Suppose that we have a single human genetic locus (position), which can have either one of two alleles (forms). These two alleles are commonly denoted by A and a; for convenience, A is called dominant and a, recessive. Since every person inherits one copy of the gene from their father and one from their mother, their genotype (underlying genetic makeup) can be either AA (homozygous dominant), Aa (heterozygous), or aa (homozygous recessive). The Hardy-Weinberg principle tells us what happens if the allele frequencies do not differ between males and females, and the mating happens randomly (to be contrasted with assortative mating, where individuals prefer to mate with those whose genes are similar to their own). In this case, if p is the frequency of allele A and q = 1 – p, the frequency of allele a, the frequency of AA is p2, that of Aa is 2pq (the factor of 2 is needed because we ignore the order, ie. Aa and aA are the same), and that of aa is q2. The equation tells us that these frequencies add up to 1; the principle itself tells us that these frequencies do not vary from one generation to the next under the conditions of random mating, provided there is no mutation, migration, or natural selection happening.

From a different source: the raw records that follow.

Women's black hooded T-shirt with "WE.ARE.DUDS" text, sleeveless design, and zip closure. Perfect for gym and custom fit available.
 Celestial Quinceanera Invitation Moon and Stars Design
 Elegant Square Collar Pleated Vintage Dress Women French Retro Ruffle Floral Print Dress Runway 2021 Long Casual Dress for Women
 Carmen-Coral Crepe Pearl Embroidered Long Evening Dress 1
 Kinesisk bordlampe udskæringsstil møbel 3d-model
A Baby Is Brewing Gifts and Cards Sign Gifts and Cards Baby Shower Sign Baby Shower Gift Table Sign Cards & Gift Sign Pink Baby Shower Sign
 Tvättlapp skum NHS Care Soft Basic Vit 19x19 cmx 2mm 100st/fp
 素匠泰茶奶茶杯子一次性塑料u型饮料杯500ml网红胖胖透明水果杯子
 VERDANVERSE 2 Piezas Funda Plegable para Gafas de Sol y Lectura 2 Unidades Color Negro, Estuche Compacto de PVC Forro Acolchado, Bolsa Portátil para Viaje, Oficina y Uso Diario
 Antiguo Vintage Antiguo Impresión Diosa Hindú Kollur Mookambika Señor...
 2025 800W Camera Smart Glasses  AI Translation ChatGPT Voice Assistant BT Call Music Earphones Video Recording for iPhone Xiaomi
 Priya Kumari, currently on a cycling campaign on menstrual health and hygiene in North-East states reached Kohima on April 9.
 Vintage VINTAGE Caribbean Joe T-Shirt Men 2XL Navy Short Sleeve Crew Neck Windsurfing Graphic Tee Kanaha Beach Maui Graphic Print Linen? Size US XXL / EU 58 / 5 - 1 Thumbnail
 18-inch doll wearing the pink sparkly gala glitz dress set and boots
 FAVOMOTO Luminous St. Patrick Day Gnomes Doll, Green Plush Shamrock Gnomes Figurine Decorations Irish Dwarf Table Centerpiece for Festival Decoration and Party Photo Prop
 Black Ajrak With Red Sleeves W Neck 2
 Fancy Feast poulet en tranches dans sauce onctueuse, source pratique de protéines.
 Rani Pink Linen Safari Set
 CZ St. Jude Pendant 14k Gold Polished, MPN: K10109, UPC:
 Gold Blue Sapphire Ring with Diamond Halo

This idea can be generalized to more than two alleles. For instance, the blood type can be described as a trait with three alleles, A, B and O, with O being recessive. This means that there are four possible blood phenotypes: A (which could come from genotypes AA or AO), B (which could come from BB or BO), AB or O (which could only come from OO because O is recessive). Knowing the frequencies of the A, B and O alleles (say, p, q and r) would allow us to calculate the frequencies of each blood type: p2 + 2pr, q2 + 2qr, 2pq and r2, respectively (you can easily check that they add up to 1 if p + q + r = 1). In the same way, knowing the frequencies of each blood type can give us the frequencies of each allele. We can also test for significant deviations from the equilibrium frequencies in a population to see if the mating between people of different blood types happens randomly. For example, if we look at Canada, where the fractions are 46%, 42%, 9% and 3% for each of the 4 blood types, we get estimates of p, q and r that are not consistent with the Hardy-Weinberg law, and conclude that the mating is not random.

When forensics has to answer the frequently asked question of how likely a person is to have the same genetic variants as the person who committed a certain crime, the Hardy-Weinberg principle plays an important role. It is typically used to justify the assumption that the probability of a person having a given set of genetic variants is the product of the individual probabilities (frequencies) of the variants. However, in some specific cases, this assumption may not be justified because of deviations from the equation we have been discussing, and this may (at least in principle) lead to some false convictions.

One final application of the Hardy-Weinberg equation comes from the search for the genetic causes of complex diseases. In this situation, we typically look at a large number of people who have the disease (called cases) and a large number of people who don’t have it (called controls). A genetic variant that deviates from the Hardy-Weinberg equation in the cases, but not in the controls, is very likely to be associated with the disease. Of course, after some spurious discoveries in the early days after the Human Genome Project was completed, the association is now considered to be confirmed only when it has been found in a group of cases distinct from the initial group (called a replication cohort). As for the variants that deviate from the Hardy-Weinberg equation in the controls, they are usually discarded from the analysis as unreliable. In this way the equation is an important tool in the analysis of GWAS, or genome-wide association studies, the tool of choice for the discovery of genetic disease markers.

I hope I convinced you that the Hardy-Weinberg equation deserves to be included among the most influential equations of our times. What other equations would you suggest adding to Ian Stewart’s list?